Investigators and courts can rely on data from tax or customs services, on the company’s accounts and sometimes on alerts or denunciations (coming from aggrieved creditors for example) or on various accounting indices or abnormal behavior (a player potentially benefiting from the bankruptcy visibly seeking to defeat a conciliation procedure after cessation of payments, for example). To proceed with a judicial liquidation, a court can intervene at the request of the company, on the basis of a complaint, or a request from the public prosecutor. In certain countries, including France, it can also take up the case ex officio and the “works council or, failing that, the staff representatives can communicate to the president of the court or to the public prosecutor any fact revealing the cessation of payments of the debtor”, in order to detect fake bankruptcy.
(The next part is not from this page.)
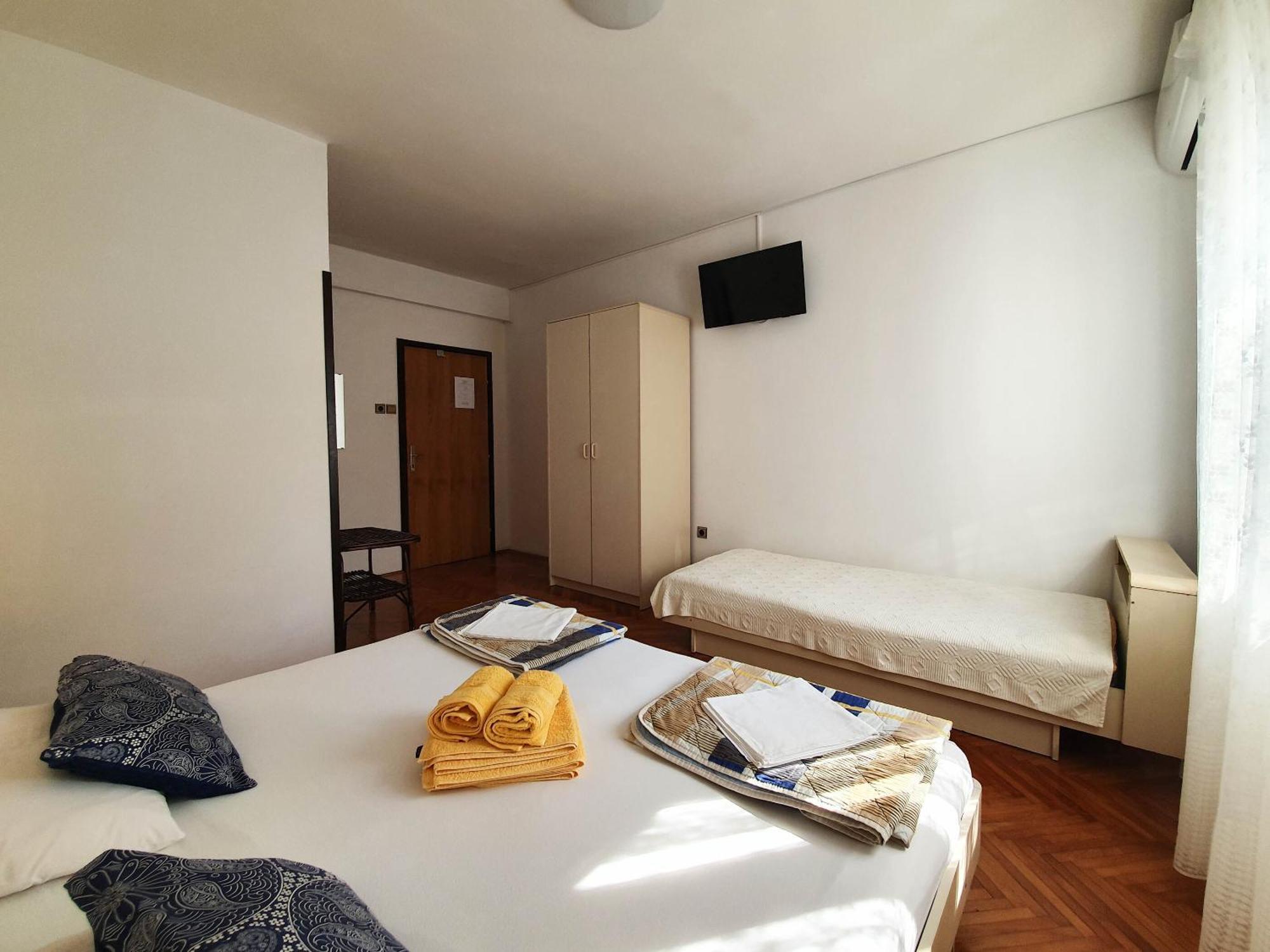 Rooms Zeljka 2 Crikvenica Exterior photo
Anticipatory and precautionary measures

Some regulations seek to better protect investors from this type of financial risk (systemic financial risk in times of crisis), including in Europe the Directive on markets in financial instruments.
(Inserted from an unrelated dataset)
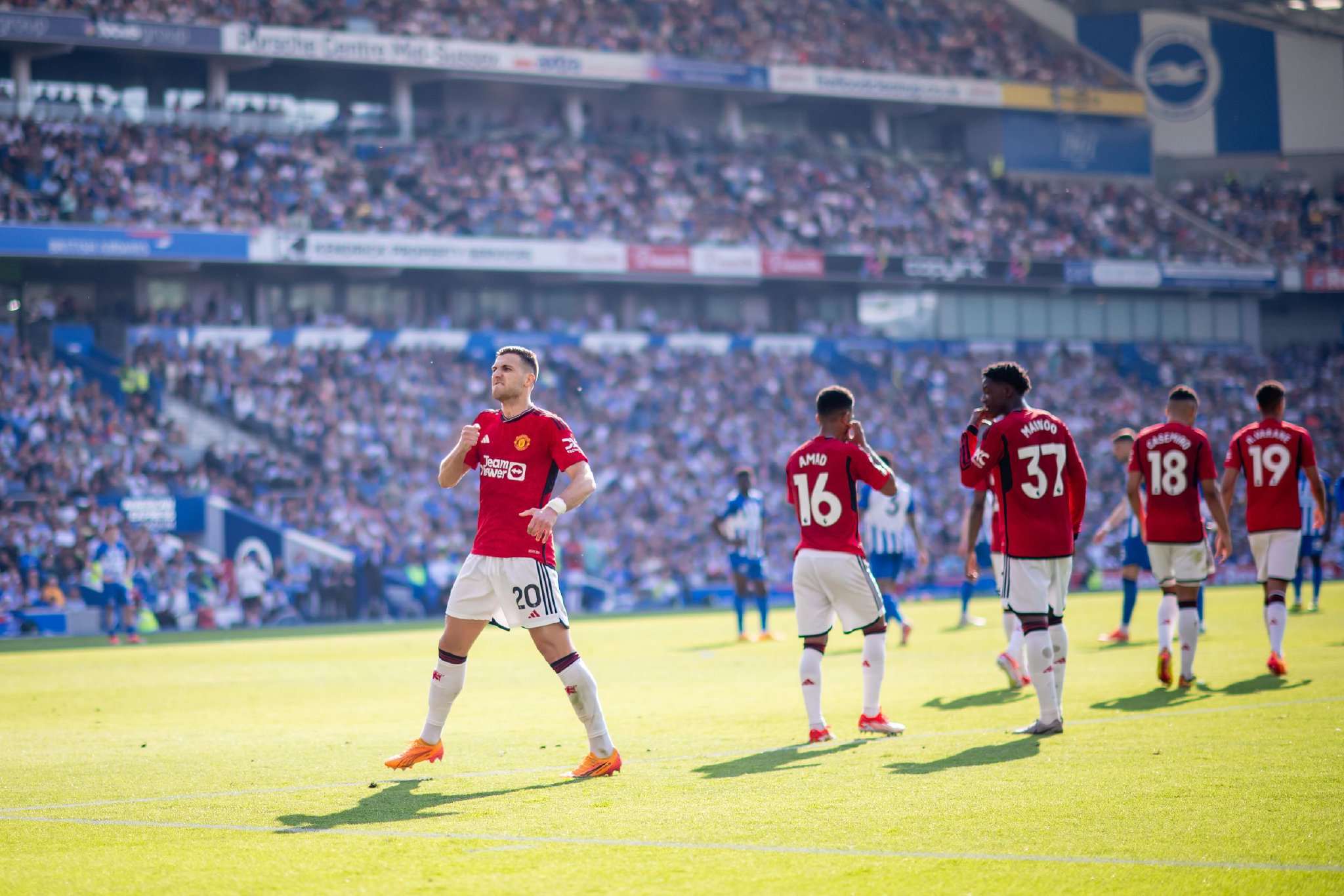 并在比赛中 并在比赛中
In certain sectors of the economy (particularly the mining sector, via the mining codes, the law sometimes provides (depending on the country) that companies must make provisions, which will be used if they do not honor their commitments. This is intended in particular to avoid bankruptcies that are fraudulent or belatedly justified by the depletion of a deposit, a change in the economic conditions of exploitation (lower profitability) Operators are thus – in certain countries – forced to constitute during their activity, in a blocked account controlled by the State, the “financial provision” necessary to finance this rehabilitation, and bio-indicators can be imposed or proposed for the evaluation of the effectiveness of an environmental rehabilitation in progress or completed.

Theranos Fraud | A case of scientific fraud that shook Silicon Valley

The case of multinationals and their subsidiaries

Even in the presence of cost accounting, the fraudulent character of a bankruptcy or a fake bankruptcy can be difficult to prove in the case of subsidiaries of certain multinationals whose strategies are not transparent, and in which participations, mergers and acquisitions, the use of offshore accounts in “tax and legal havens” can greatly complicate liability searches.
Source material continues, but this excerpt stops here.